In a 1902 rant against "Scotto-Continental 'New Art'" largely directed at Mackintosh, the critic H. F. Jennings talked of “extravagance bordering on insanity," "lunatical topsy turvydom," and the pursuit of novelty at the expense of comfort and utility. Although the materials and construction methods used by this architect and designer were not technologically innovative, on a more abstract level the dark, sleek form of this chair can be read as a poetic response to the industrial culture of Glasgow, once called "the Workshop of the World," and as an attempt to give physical form to the sense of risk and drama implicit in the city's boom/bust economy. The chair was designed for one of the famous Glasgow tearooms commissioned by local businesswoman and temperance supporter Kate Cranston. It also appeared in the 1900 Vienna Secession exhibition and in the home of Mackintosh and his artist wife, Margaret Macdonald.

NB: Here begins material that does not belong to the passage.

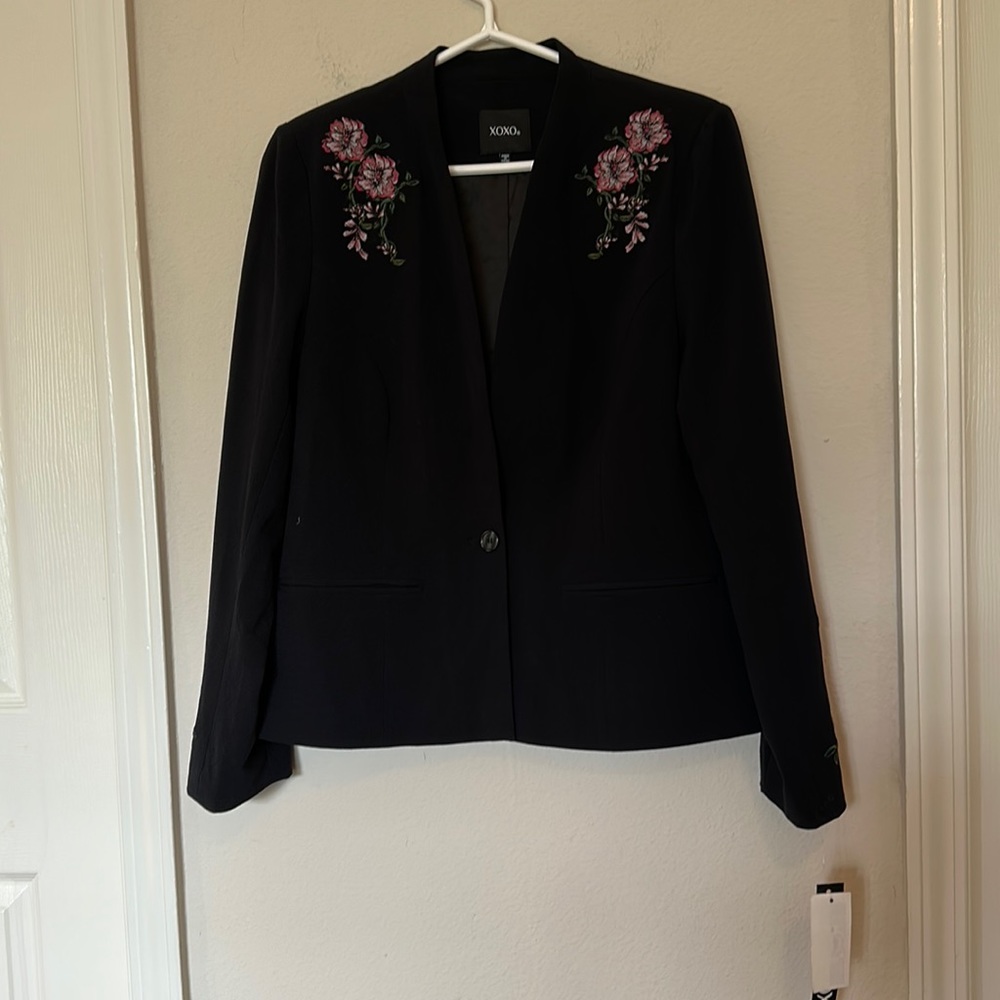 NWT XOXO Black Floral Embellished Blazer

A Visit to Miss Cranston's Tearooms, 1897
Miss Cranston's Glasgow tearooms were a must for visitors. In a letter to his wife, the English architect Edwin Lutyens recounted how the artist James Guthrie had taken him "to a Miss Somebody's who is really a Mrs. Somebody else. She has started a large Restaurant, all very elaborately simple on very new school High Art Lines. The result is gorgeous! And a wee bit vulgar! . . . It is all quite good, all just a little outré." The Miss Somebody was Kate Cranston, an imaginative and generous patron of emerging designers, several of them women, who gave ordinary citizens public access to chic, progressive design.

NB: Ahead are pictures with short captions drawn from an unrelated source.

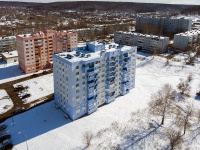 Zhigulevsk, st Radiozavodskaya, house 18. Apartment house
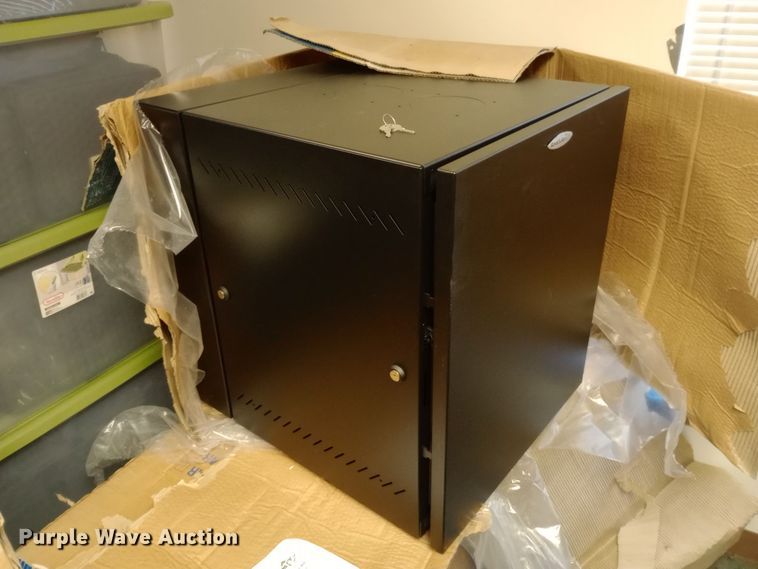 image for item EN8607 (7) Great Lakes wall mount network cabinets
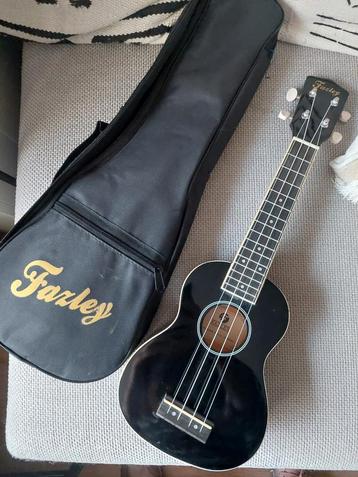 Fazley Ukulele Zwart zgan met tas. beschikbaar voor biedingen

This elongated chair was designed for one of Miss Cranston’s Tearooms in Glasgow. Grouped around dining tables, the chairs created an intimate conversational space and the dark oval headrests served to frame the broad fashionable hats of female tea drinkers. In 1900 the chair was one of several tearoom designs that Mackintosh and Margaret Macdonald incorporated in their first home as a married couple and was also exhibited in their installation at the Vienna Secession. These contexts challenged the conventional separation of public and private and of masculine and feminine spheres of influence.